NCPA - National Center for Policy Analysis

Bush Tax Plan Would Encourage Economic Growth

April 30, 2003

Economists have developed many theories about the effects of budget deficits and public debt. The upshot is that budget deficits may affect real interest rates -- but typically by small amounts and in directions that depend on the specifics of a tax program, says Robert Barro.

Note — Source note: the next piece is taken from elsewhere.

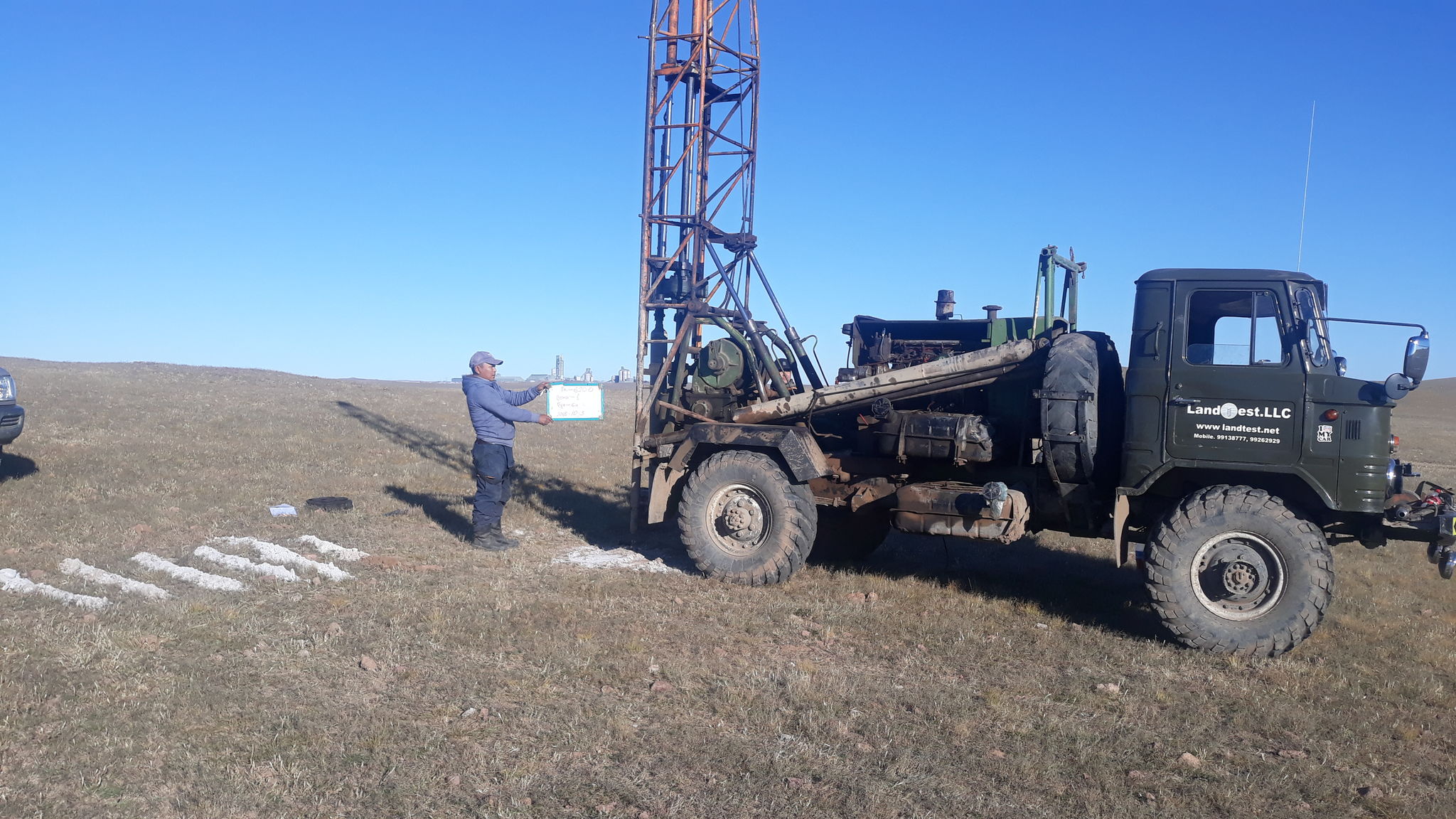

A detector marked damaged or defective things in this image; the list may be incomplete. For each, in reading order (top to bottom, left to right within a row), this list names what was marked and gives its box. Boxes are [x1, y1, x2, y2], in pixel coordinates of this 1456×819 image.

rusty drill mast [631, 0, 827, 530]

To assess how real interest rates are determined within an international context, Barro relies on evidence like that from a continuing research program begun in 1990 (see "World Real Interest Rates," National Bureau of Economic Research Macroeconomics Annual, 1990). This work now considers 12 countries: the United States, Japan, Canada, Australia and several nations in Western Europe. Here are some of the findings:

  • Real interest rates depend on accumulated levels of public debt in relation to gross domestic product, not on current fiscal deficits.
  • Real interest rates in each country depend not so much on that country's debt but rather on overall debt.
  • U.S. real interest rates depend on the ratio of public debt to gross domestic product in the 12-country universe -- the U.S. debt matters here, but only to the extent that it contributes to the overall debt.

A rise in the 12-country debt-to-GDP ratio raises real interest rates in each country, but by only small amounts: specifically, if the public debt rose by 1 percent of GDP in each country, real interest rates would rise by an estimated 0.1 percent, but if debt rose only in the United States (which now accounts for 45 percent of the 12-country GDP), the rise in real interest rates would be about 0.05 percent.

The bottom line is that, in evaluating the Bush tax plan, higher real interest rates do not make the top-100 list of economic concerns, Barro says. We can get on with the business of shaping a tax-reform package that encourages economic growth. The Bush plan is a good start.